There will be (probably) two distinct ways to see the Open Game Content, one will be in context: in which information flowing through the workshop or to the client will be able have citations. The second will be to have an OGL explorer which will catalog list all the OGL information within the loaded assemblies.

The best part will be that I can finally mention the fidelity of the Ikosa Framework in implementing the OGL SRD, without having to cryptically mention “Classic Pen-and-Paper” mechanics.

To be fair, I have slightly tweaked (or enhanced) some terminology and mechanics, mostly for clarity and implementation consistency. I’ll probably describe (as Open Content), some of the specific implementation details for lighting, room topology, package serialization, and perhaps the WSDL (since it’s pretty much out there anyway).

I don’t have an OGL statement visible anywhere yet, but I am not actually “published” yet, either.


Video Killed the Programming Star

Besides preparing for my looming black-belt test later this month, I’ve been cobbling together a video for Kickstarter. It seems my wife was right when she predicted I’d get this off the ground after my black-belt test, mainly due to time constraints (the time constraints of having a full time job book-ended by train rides are what I am trying to overcome by going FT on Guildsmanship). Since I’ve been working on the script, taping, gathering additional overlay video and editing it down (in Adobe Premiere Elements 8), I haven’t had much time to program.

During the one time I fired up the test host and client for capturing head-to-head activity for the video, my son and I had some classic moments.

First, I had a dwarf and a human in an enclosed area. We started taking turns moving, and got to the point where I should have provoked and opportunistic attack. None was triggered. I realized the characters hadn’t been equipped (nor had any class levels added). Doh!

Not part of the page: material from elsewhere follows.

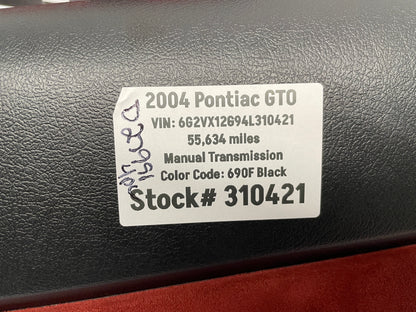 2004 Pontiac GTO Red Interior Trim Glove Box Knee Bolster Console Suedes OEM - Day's Parts Yard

Second, starting again with weapons, armor and a level of fighter each. My son maneuvers into position (he’s got darkvision so can move at full speed through the areas poorly lit to my character’s human eyes), he asks “how do I charge?” Not implemented yet 😦 But nice that he immediately saw what the game should be able to do and grasped just how much like miniature combat I was going for.

Third, I edge past him while he’s wielding a great sword, provoking an attack of opportunity. He hits, I take damage. I try to turn and attack, the F9 attack key is not responding?!? Apparently he hit me hard enough to put me in negative health points. Hence why I need to complete the gamification of the system and provide that kind of subtle “you are dead!” feedback to the user.